▶ **EXERCISE DATA**
____________

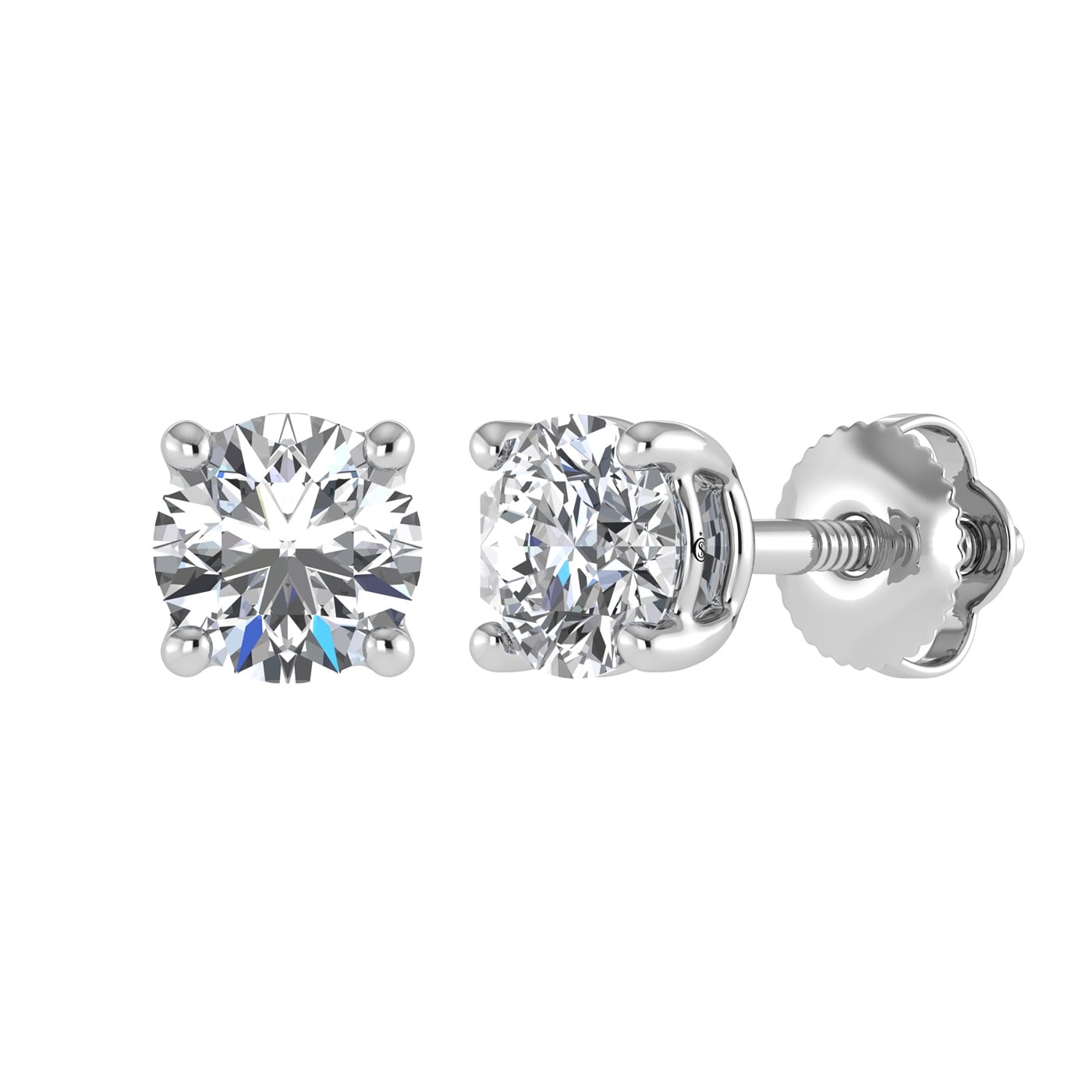 14K White Gold Lab Grown Diamond 1/2 Ct.Tw. Non certified CVD VS1+ G+ Solitaire Studs (Available in 0.10ct to 4ct)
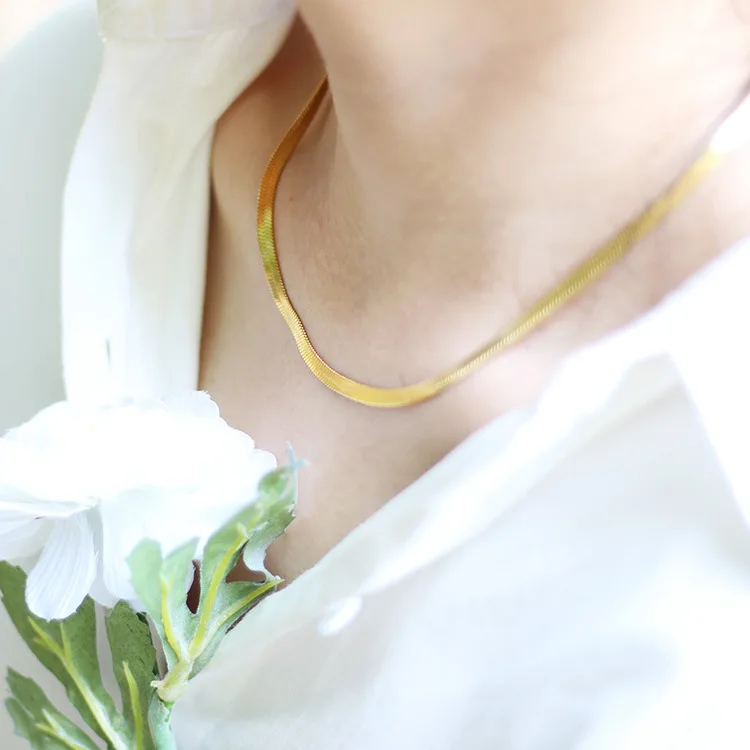 Stainless Steel Cable Beads Chain Cuban Link Chain Necklace Herringbone Chain with Lobster Clasps for DIY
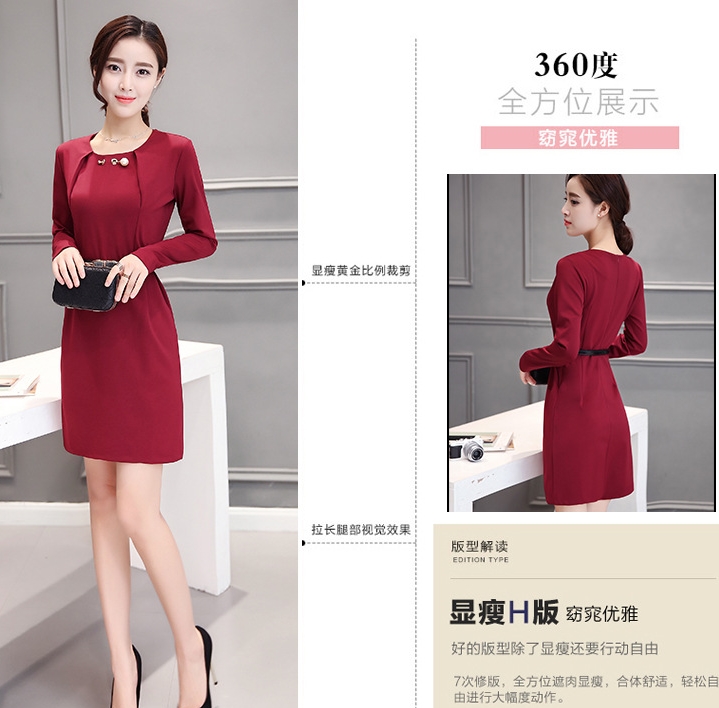 B10156 Autumn Chiffon Dress Elegant One Piece Work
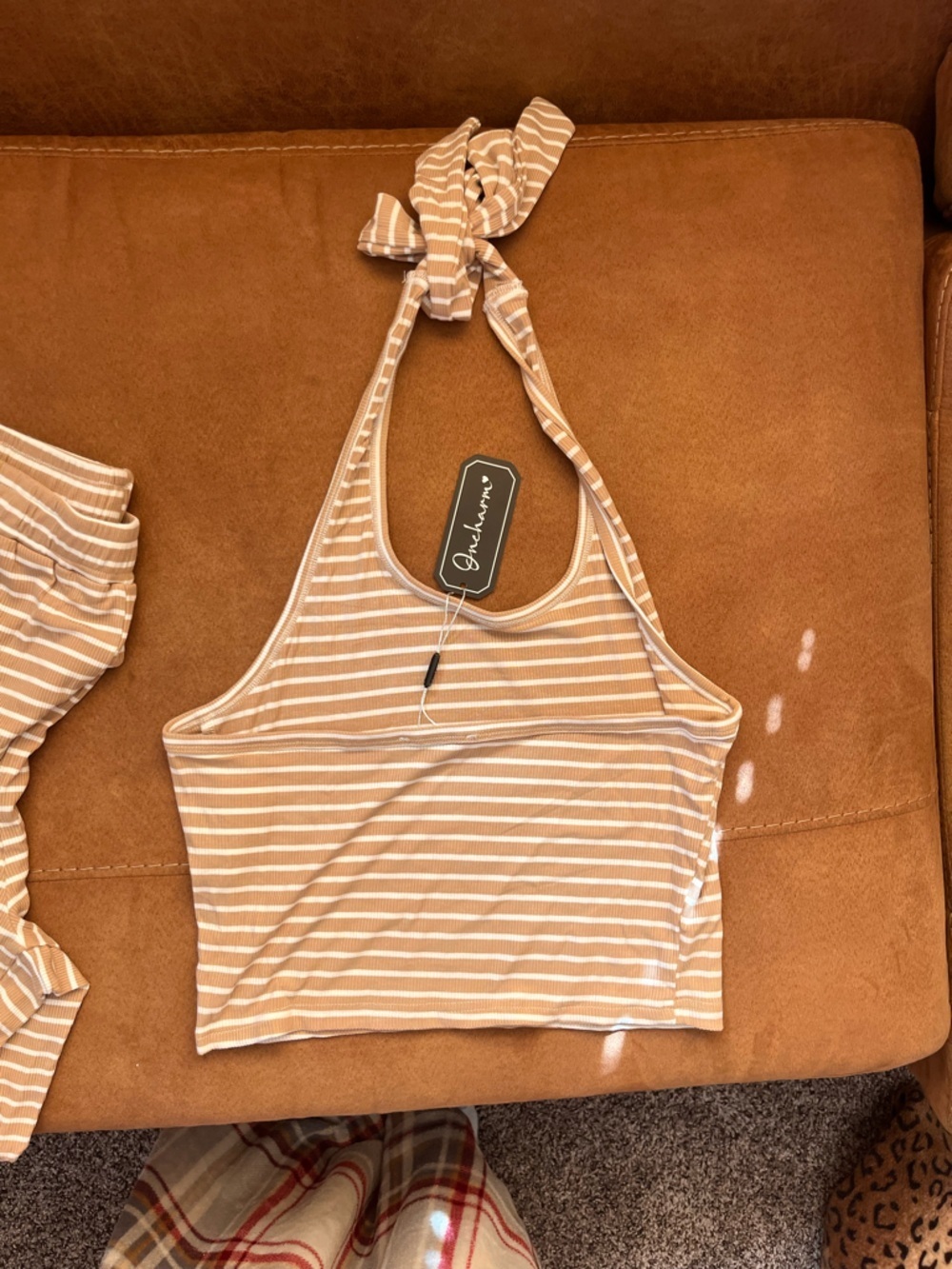 Boutique Tan/White Striped Lounge Set / Pants and Halter top NEW WITH TAGS - Picture 4 of 8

____________

▶ **WORK REQUEST**
Copy out the lines exactly as written, beginning with the one that contains "B10156 Autumn Chiffon" and ending with the last line of the material; do not include pictures.

▶ **THE COMPLETED TASK**
 B10156 Autumn Chiffon Dress Elegant One Piece Work
 Boutique Tan/White Striped Lounge Set / Pants and Halter top NEW WITH TAGS - Picture 4 of 8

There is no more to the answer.